## Task description
Reproduce exactly the run of lines that begins with the one containing "Heart Shape Ruby" and ends with the last line of the records, omitting pictures.

## Entries provided
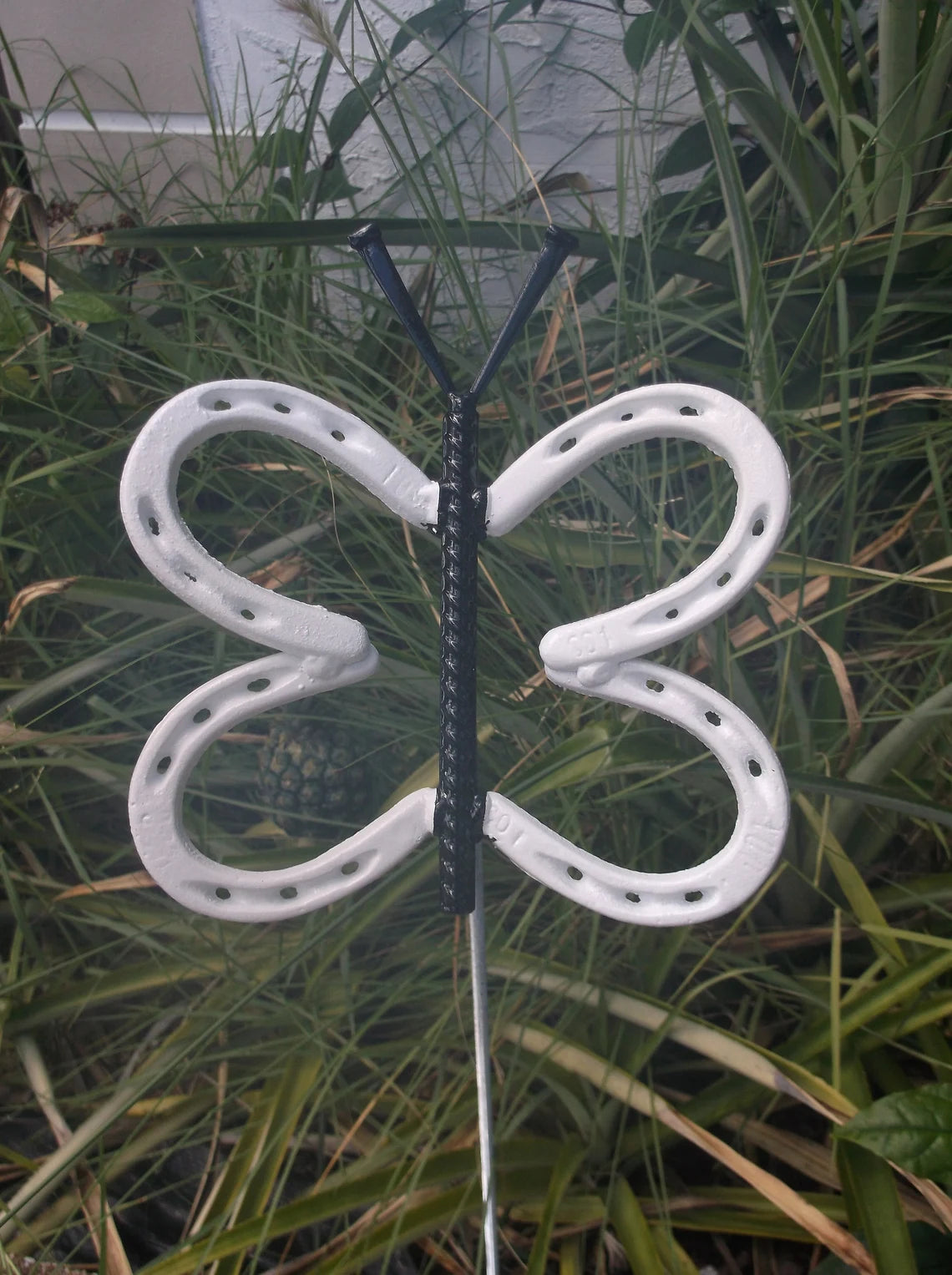 White Horseshoe Butterfly Garden Stake, Welded Metal Yard Art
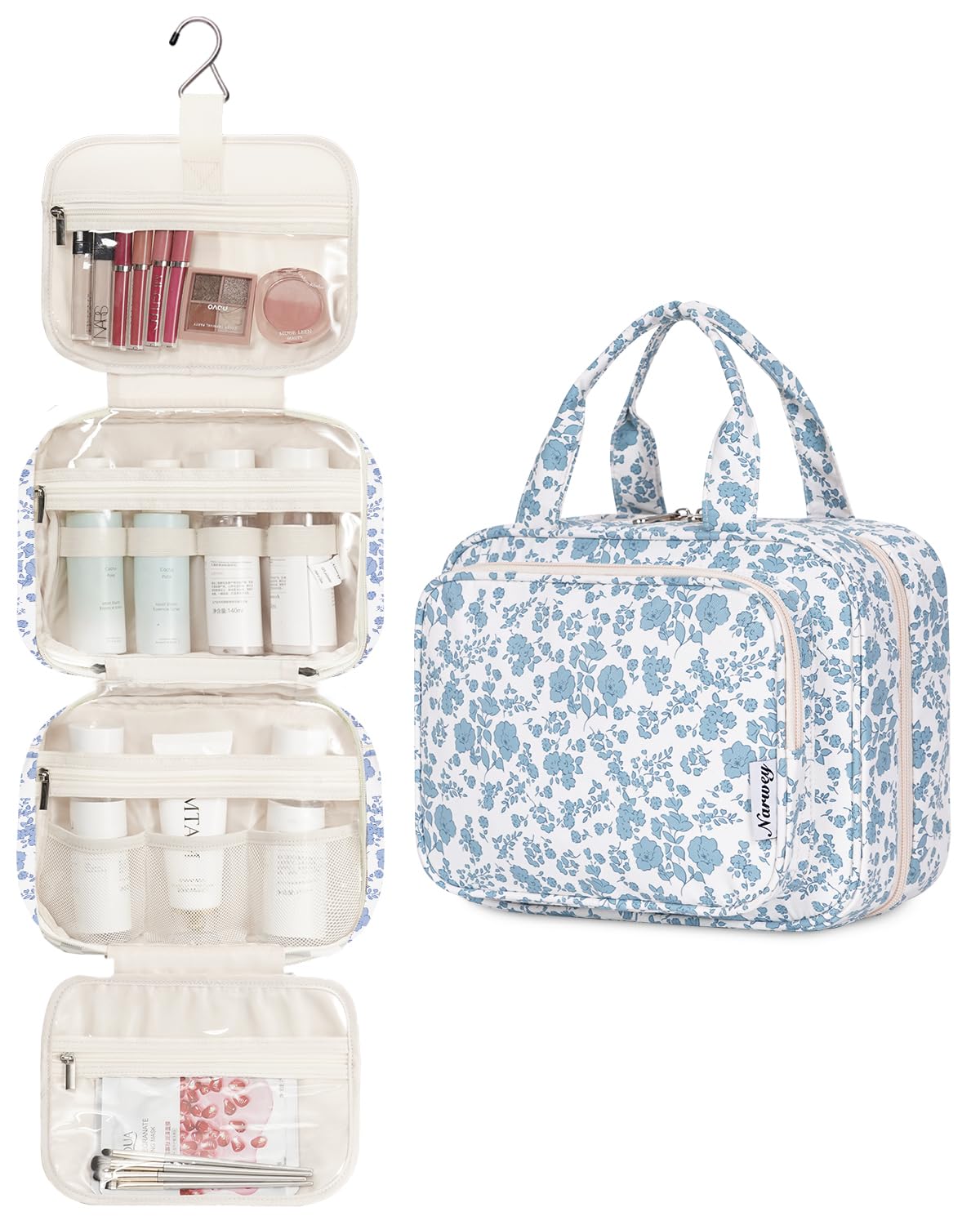 Narwey inside compartments, hanging bag, ensures items stay upright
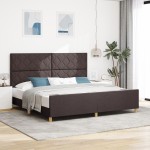 vidaXL Cadru de pat cu headboard Maro închis 200 x 200 cm țesătură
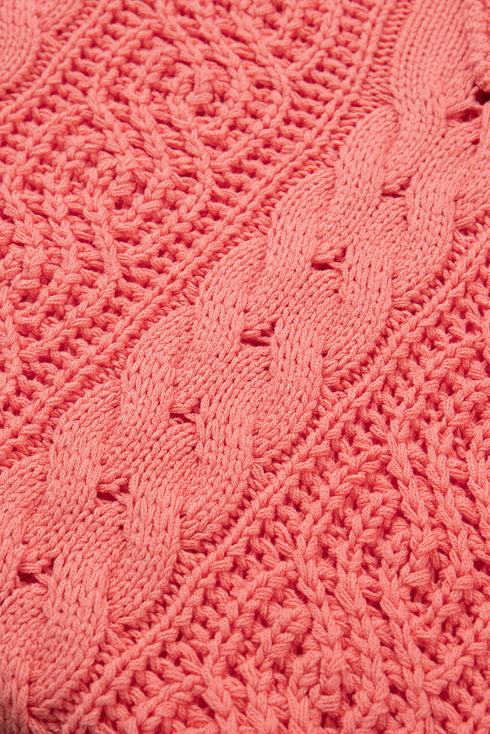Relaxed Cable Knit V Neck Drawstring Hooded Sweater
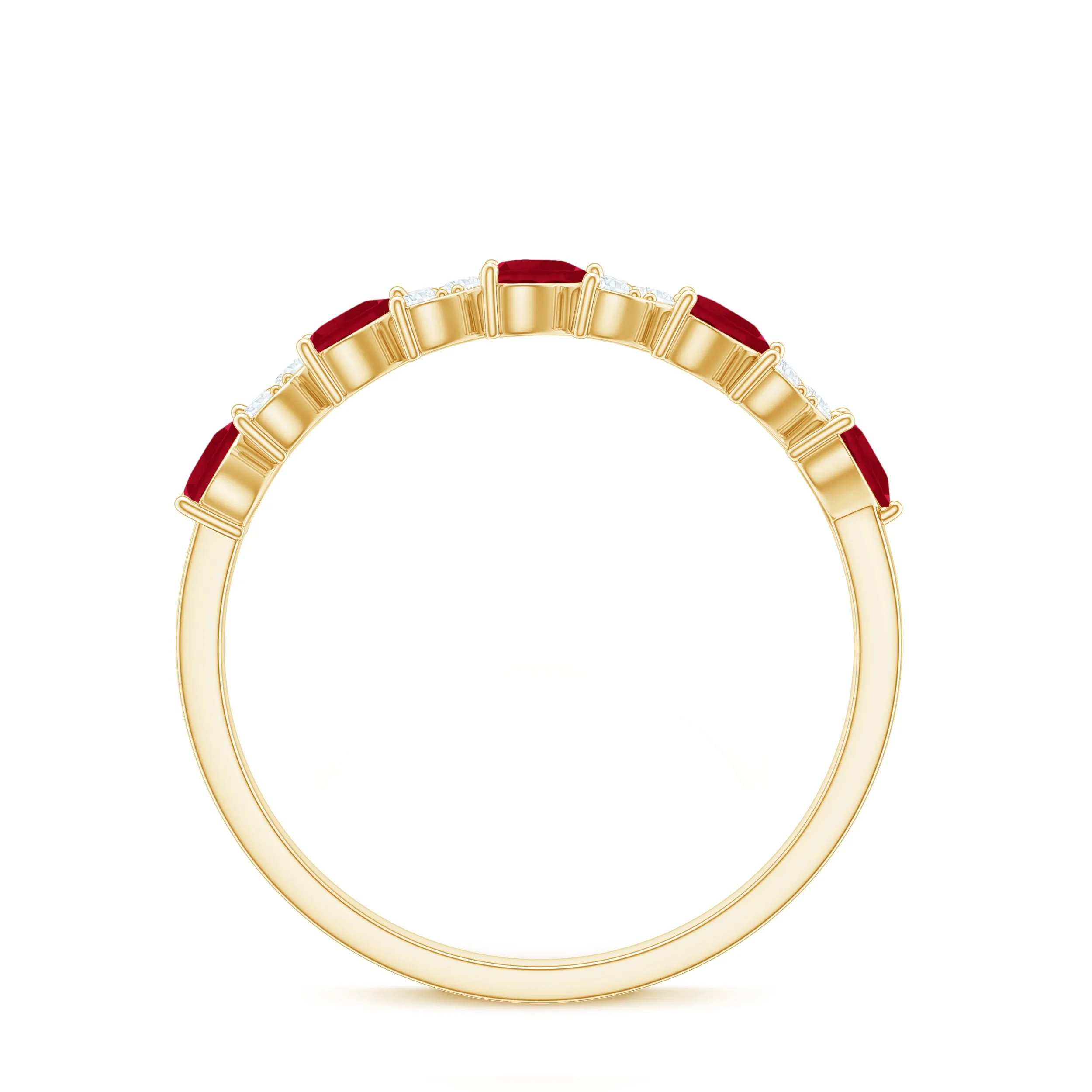 Heart Shape Ruby Half Eternity Ring with Diamond
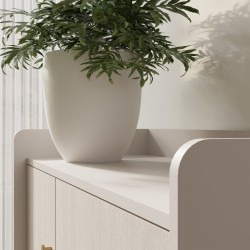 Komoda GLORIA - moderní se 3 zásuvkami a 2 dvířky, zlaté úchyty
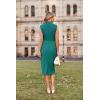 imageGRACE KARIN 2025 Womens Lightweight Mock Neck Business Work Dress Sleeveless Double Breasted Bodycon Midi DressBlue Green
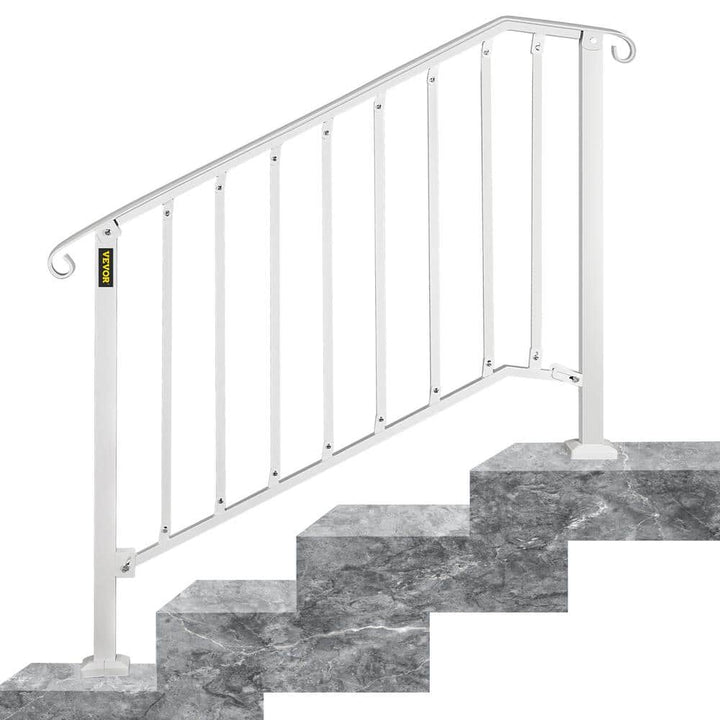 VEVOR 3 ft. Handrails for Outdoor Steps Fit 3 or 4 Steps Outdoor Stair Railing Wrought Iron Handrail with baluster, White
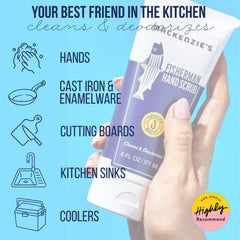MacKenzie's Fisherman Hand Scrub used for kitchen cleanup after cooking.
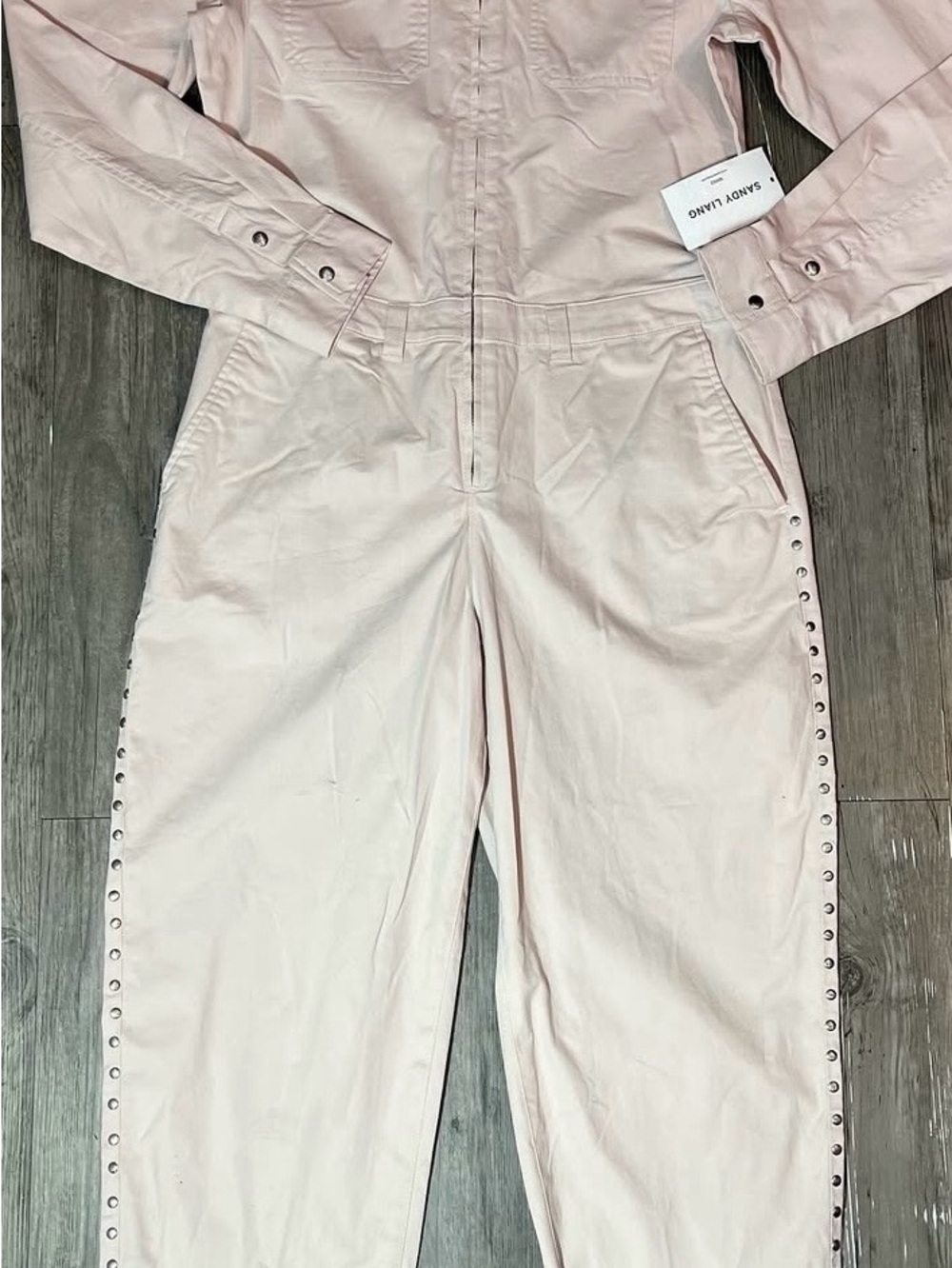 Sandy Liang Pale Pink Stud-Trim Long Sleeve Jumpsuit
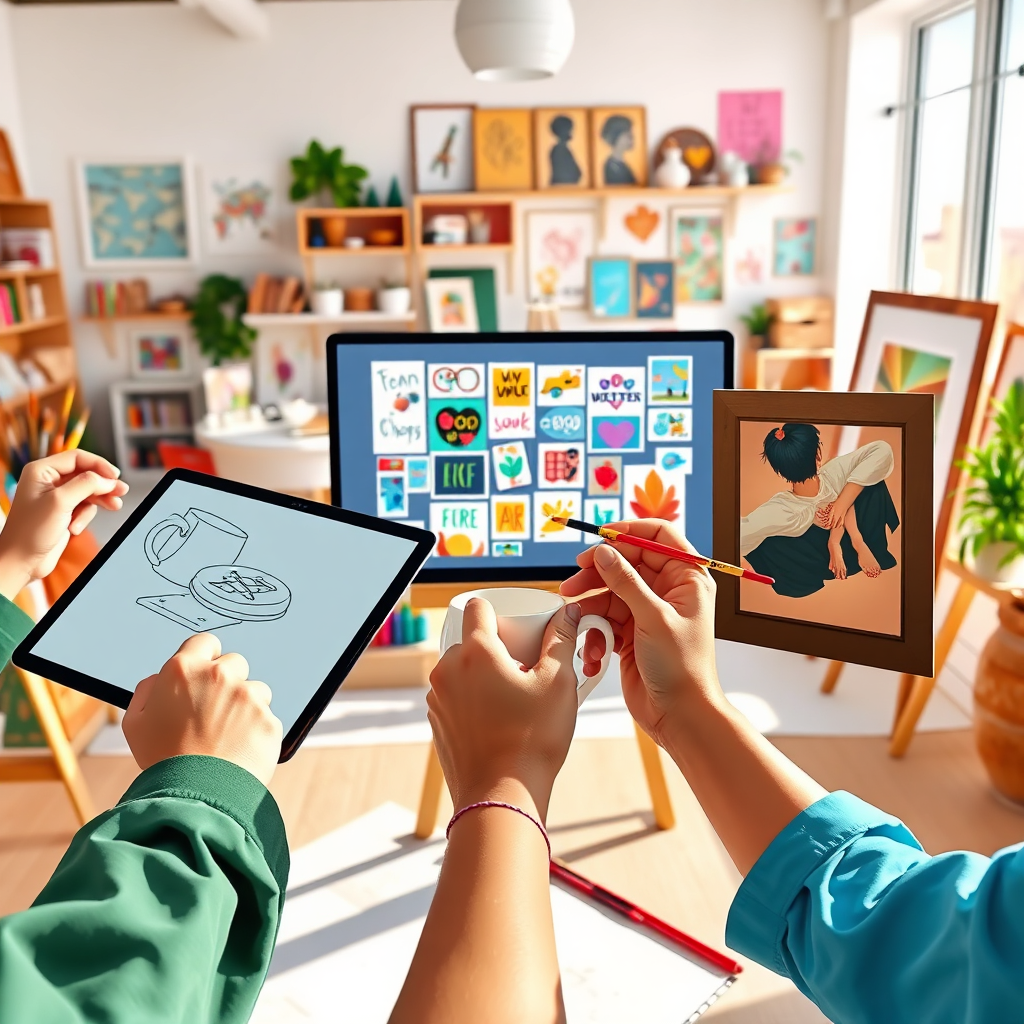 A stylized image representing the heart of Bisheng's offerings. The scene depicts a diverse group of hands collaboratively creating art. One hand is sketching on a digital tablet, another is applying paint to a mug, a third is arranging cliparts on a screen, and a fourth is framing a wall art print. The background is a bright, airy studio space filled with art supplies and inspirational materials. The lighting is soft and natural, casting gentle shadows. The color palette is vibrant and playful, with a focus on primary and secondary colors. Camera angle is a medium shot, capturing the collaborative energy of the scene. Details should include textured paintbrushes, detailed digital artwork, and high-quality prints. Style reference: a blend of illustration and photorealism. Technical specs: 4K resolution, high quality.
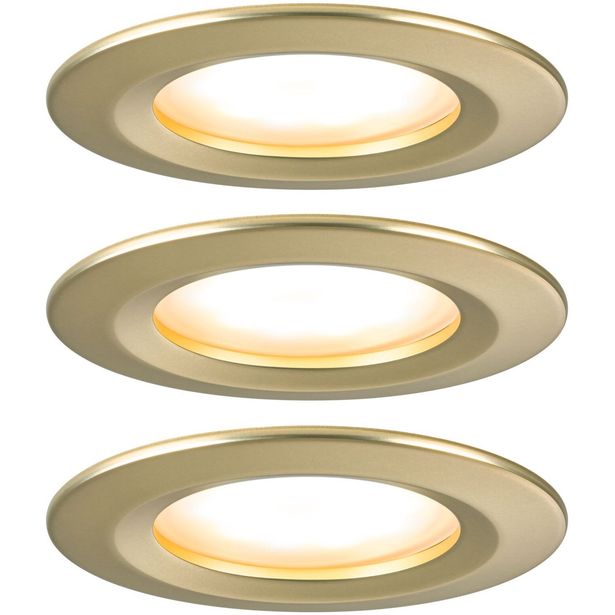 LED-alasvalo Paulmann 3-Step-Dim Nova Coin Basic IP44 Ø74mm 6W 470lm 2700K himmennettävä upotettava mattakulta 3kpl/pkt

## Finished task
 Heart Shape Ruby Half Eternity Ring with Diamond
 Komoda GLORIA - moderní se 3 zásuvkami a 2 dvířky, zlaté úchyty
 imageGRACE KARIN 2025 Womens Lightweight Mock Neck Business Work Dress Sleeveless Double Breasted Bodycon Midi DressBlue Green
 VEVOR 3 ft. Handrails for Outdoor Steps Fit 3 or 4 Steps Outdoor Stair Railing Wrought Iron Handrail with baluster, White
MacKenzie's Fisherman Hand Scrub used for kitchen cleanup after cooking.
 Sandy Liang Pale Pink Stud-Trim Long Sleeve Jumpsuit
 A stylized image representing the heart of Bisheng's offerings. The scene depicts a diverse group of hands collaboratively creating art. One hand is sketching on a digital tablet, another is applying paint to a mug, a third is arranging cliparts on a screen, and a fourth is framing a wall art print. The background is a bright, airy studio space filled with art supplies and inspirational materials. The lighting is soft and natural, casting gentle shadows. The color palette is vibrant and playful, with a focus on primary and secondary colors. Camera angle is a medium shot, capturing the collaborative energy of the scene. Details should include textured paintbrushes, detailed digital artwork, and high-quality prints. Style reference: a blend of illustration and photorealism. Technical specs: 4K resolution, high quality.
 LED-alasvalo Paulmann 3-Step-Dim Nova Coin Basic IP44 Ø74mm 6W 470lm 2700K himmennettävä upotettava mattakulta 3kpl/pkt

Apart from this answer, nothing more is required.